Que peut-on attendre du contexte actuel du côté des grands producteurs mondiaux, que cela soit les États-Unis, la Russie et l'Arabie Saoudite ? 

 
Il y a quelques jours, Vladimir Poutine a lancé : « Donald, si tu cherches un coupable pour la hausse du prix du pétrole, procure-toi un miroir ! ». Certains suggèrent que Donald Trump se satisferait des cours élevés, plutôt favorables aux compagnies pétrolières américaines. Cet argument n’est pas complètement faux, mais le président américain (Trump, comme ses prédécesseurs), tient aussi compte de la grogne des consommateurs, au moins aussi sensibles au prix des carburants que nous le sommes. En pleine campagne électorale, Trump ne tient certainement pas à se mettre ses électeurs à dos. C’est pourquoi il a demandé à l’Arabie Saoudite et à la Russie de rehausser leur production pétrolière pour compenser la baisse de la production iranienne consécutive aux sanctions américaines. Officiellement, Riyad et Moscou ont rejeté cette demande.

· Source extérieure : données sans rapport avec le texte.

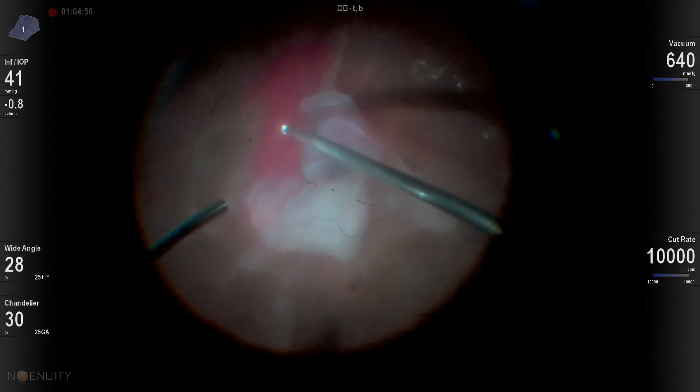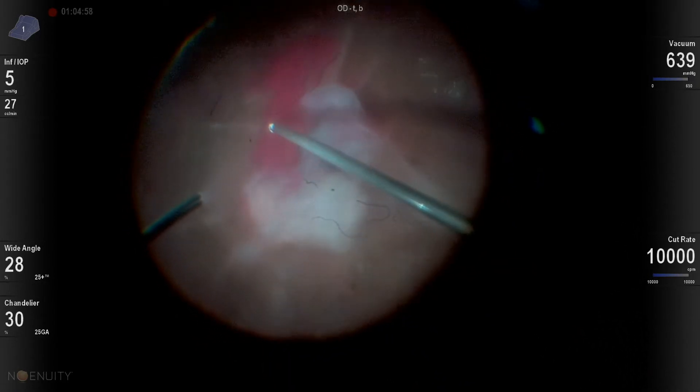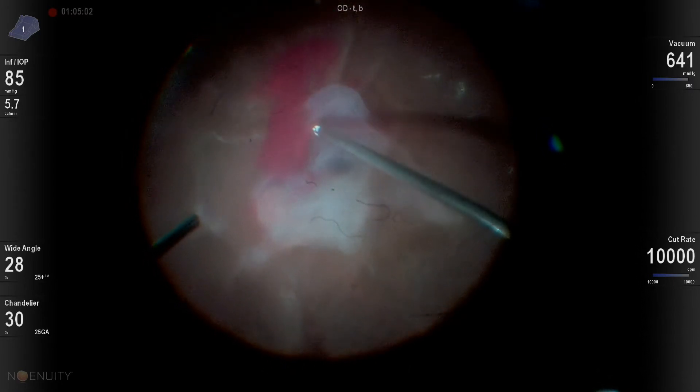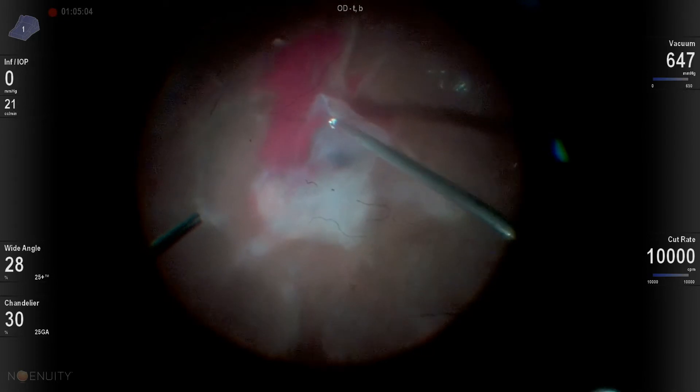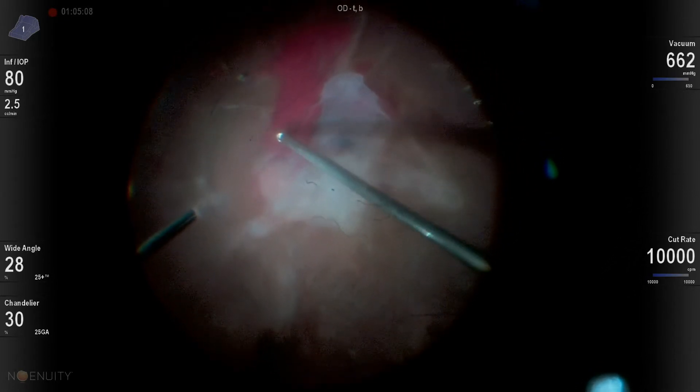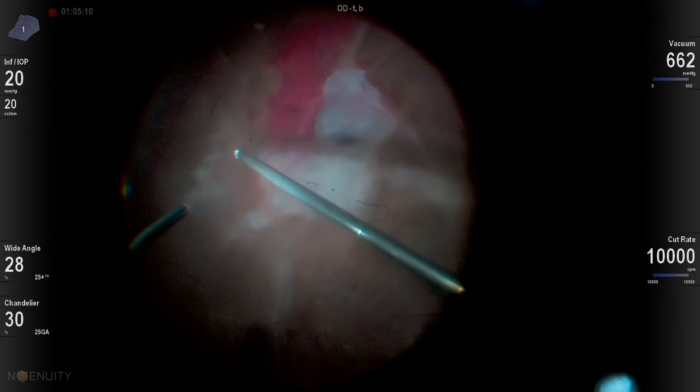I just try to go for the easiest locations I possibly can to start my segmentation, and I mostly segment. Chandelier light is really critical in these cases if you're going to do any bimanual surgery. I thought this one might need bimanual surgery, and in fact it didn't need bimanual surgery.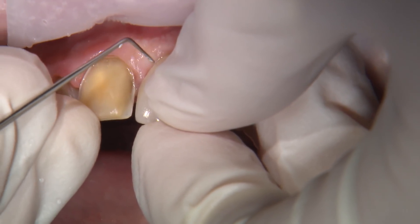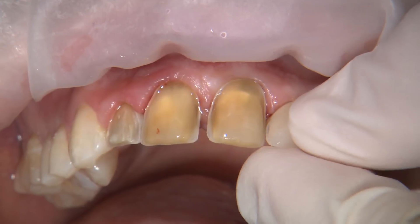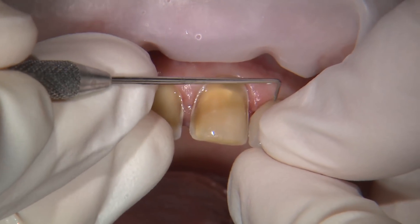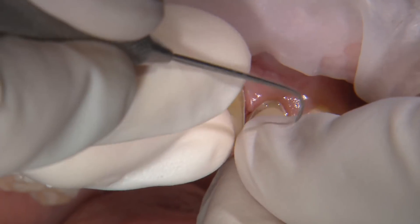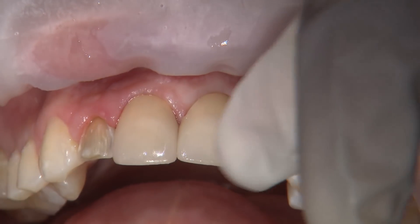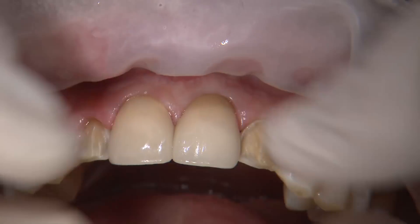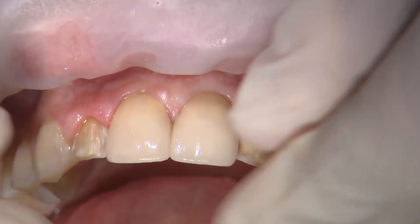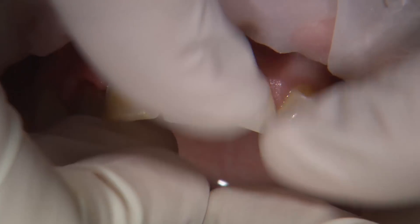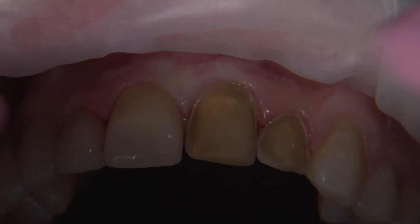I try in each veneer individually to verify they seat properly and the margins are flush to the teeth. With numbers seven and ten, I check the distal contacts first to ensure they are not interfering with seating. With multiple-unit cases, it's best to check the contacts against the adjacent non-prepared teeth first and adjust as needed. Then check the contacts of your restorations two at a time, verifying that the margins when seated together match the flushness as when checked individually. If they're off in any way, there is likely a heavy contact somewhere.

Cependant, il semblerait que les deux pays aient très discrètement commencé à rehausser leur production. Comme je l’indiquais, ils savent tous les deux que les prix ne doivent pas flamber au-dessus de 85$ et qu’un canal 65-75$ serait idéal. Par ailleurs, Riyad se délecterait bien les parts de marché perdues par les Iraniens. Mais les Saoudiens ne peuvent le faire au grand jour, sous peine de soulever un tollé dans l’OPEP.